It’s a game of “Push me-Pull you” when it comes to blaming each other on Capitol Hill. The Bush tax cuts are set to expire in a big way in 2011 and the Obama camp has been playing with health care for so long that they forgot to look at the taxing situation, if you pardon the pun. What’s left is a middle American in a desperate situation with a Congress that is extremely divided.
You have Republicans saying Democrats like to tax and spend and you have Democrats saying Republicans only give tax breaks to the wealthy. Neither is totally right nor wrong, but Americans now are paying for a war against religious fundamentalists and a mortgage crisis that exploded into the stratosphere, not to mention numerous government bailouts, which have all cost us dearly.
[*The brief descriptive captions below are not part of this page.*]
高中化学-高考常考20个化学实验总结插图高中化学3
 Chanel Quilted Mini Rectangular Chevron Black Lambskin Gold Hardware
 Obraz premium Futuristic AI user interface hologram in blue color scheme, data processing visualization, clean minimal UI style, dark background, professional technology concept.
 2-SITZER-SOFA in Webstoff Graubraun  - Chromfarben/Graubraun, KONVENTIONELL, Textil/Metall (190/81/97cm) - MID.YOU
Come January 1, 2011 the middle class is in a heap of trouble when the Bush tax cuts expire:
The top income tax rate returns to 39.6%;
The max long-term capital gains tax returns to 20%, while those in a lower tax bracket will resume paying taxes on long term gains;
The child tax credit is cut in half to $500; and
The partial credit for payroll taxes is eliminated.
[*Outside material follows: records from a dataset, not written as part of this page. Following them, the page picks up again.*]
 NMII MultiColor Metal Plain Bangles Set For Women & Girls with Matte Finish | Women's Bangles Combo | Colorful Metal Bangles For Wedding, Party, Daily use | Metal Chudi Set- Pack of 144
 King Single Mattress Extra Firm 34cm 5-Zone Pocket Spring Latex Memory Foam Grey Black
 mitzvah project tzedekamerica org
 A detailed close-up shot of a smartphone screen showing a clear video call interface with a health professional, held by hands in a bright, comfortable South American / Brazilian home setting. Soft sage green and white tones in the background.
The Obama Administration did manage to pass The Small Business Jobs Act , which was signed into law back in September. It actually provides a few breaks for small business owners:
There is a larger cap for small business Section 179 deductions – that’s the deduction you can take for qualified business property – it has been increased to $500,000 for 2010 and 2011 but will drop back to $25,000 in 2012;
You will also get a break on self-employment tax which will be reduced by the amount you pay for health care insurance on your own premiums (not those of your employees);
Eliminations of capital gains tax for small business investors who hold their investments for five years;
A doubling of the start-up cost deduction for small entrepreneurs from $5,000 to $10,000; and simplified Cell Phone deductions among others.
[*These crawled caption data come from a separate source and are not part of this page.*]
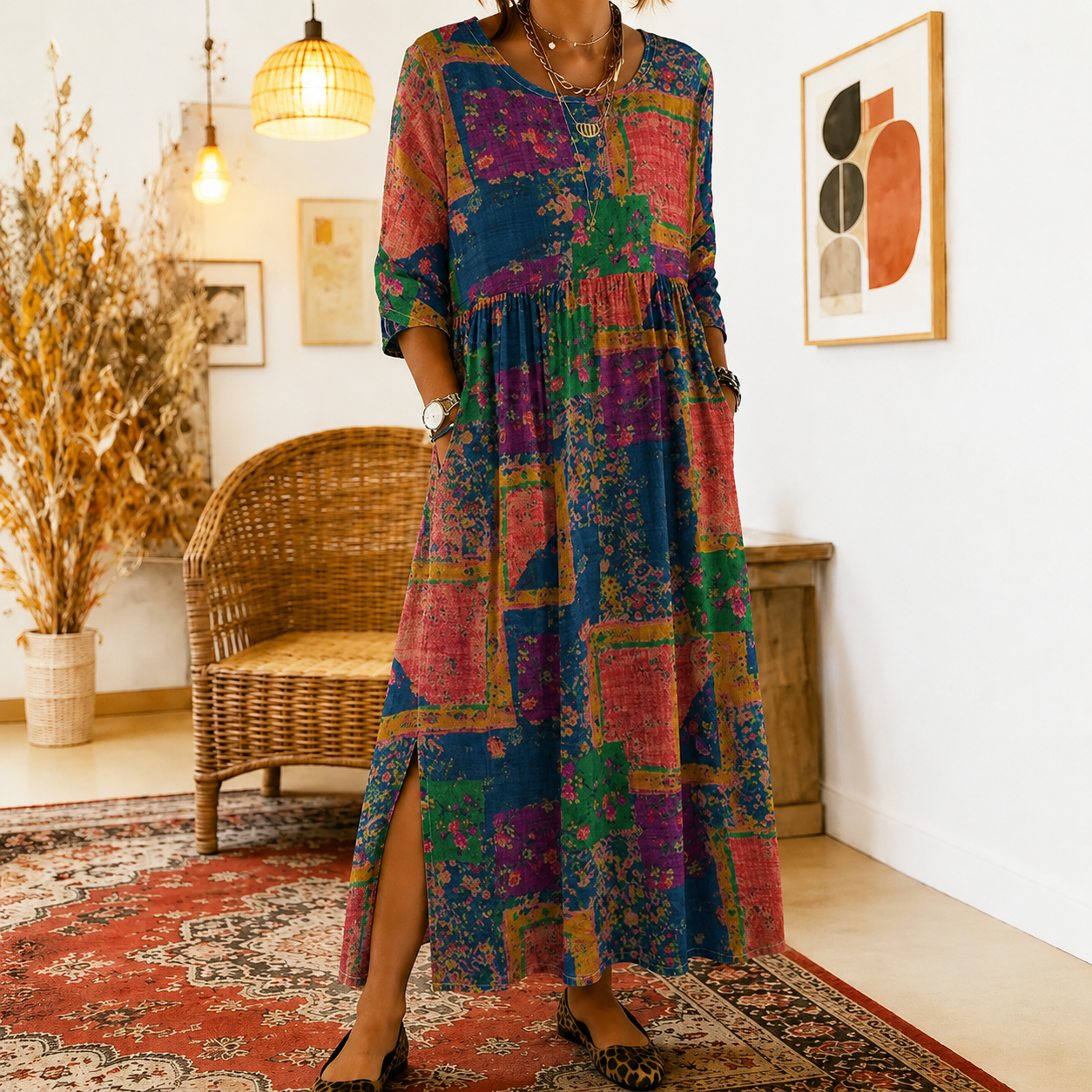 Mariana | Vestido Bohemio con Estampado Artístico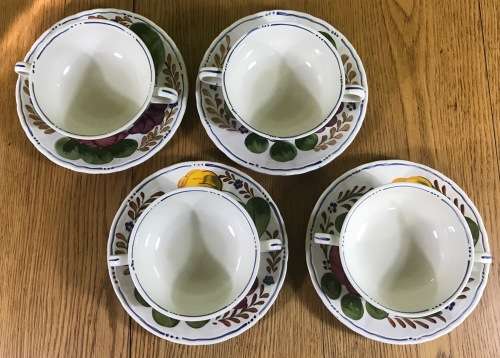 BELLE FIORI SOUP BOUILLONS + UNDER PLATES x 4 WOOD and SONS HAND PAINTED ENGLAND FLOWERS BELLE FIORE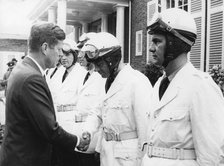 President John F. Kennedy saying farewell to German policemen in Bonn, Germany, 1963. Artist: Unknown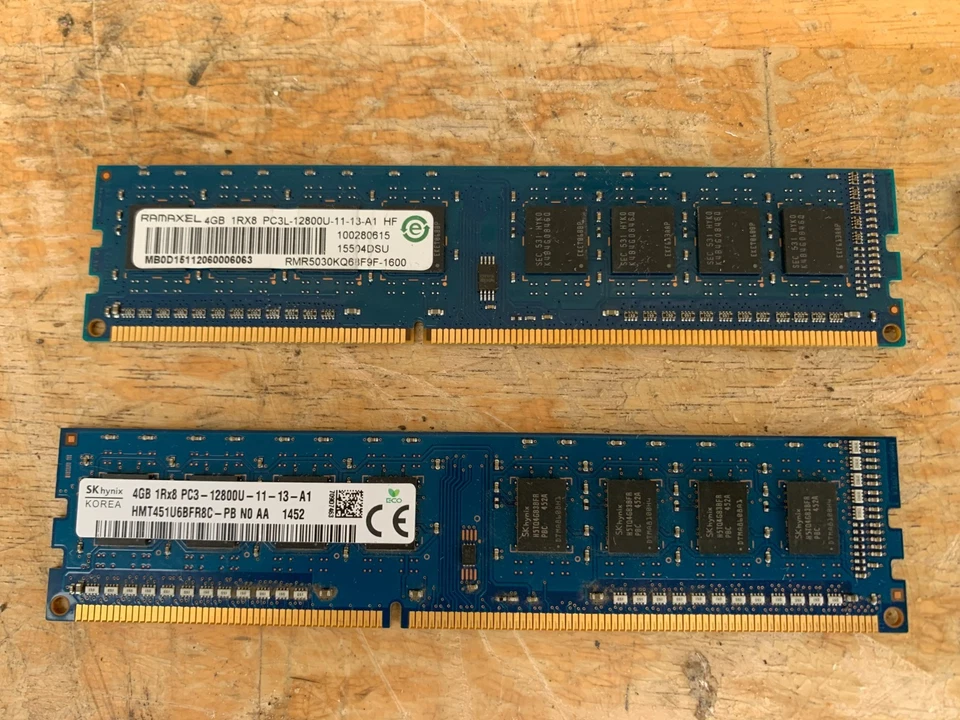 4 Piece Hynix 4GB PC3-12800U & 19600U Lenovo & Ramaxel 4GB 1RX8 Memory Module - Image 2 of 4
I am no financial genius, nor tax attorney, but I’m thinking we should get rid of most of Congress and the IRS and go back to simpler times. Everyone pays a flat tax rate of 20% with only deductions for health care and mortgages. As for capital gains, if you are earning any then you should also pay 20% on long term and 25% on short term and losses can be carried forward until they’re absorbed. It’s easy, simple and can be managed without a PhD in international finance. Who’s with me?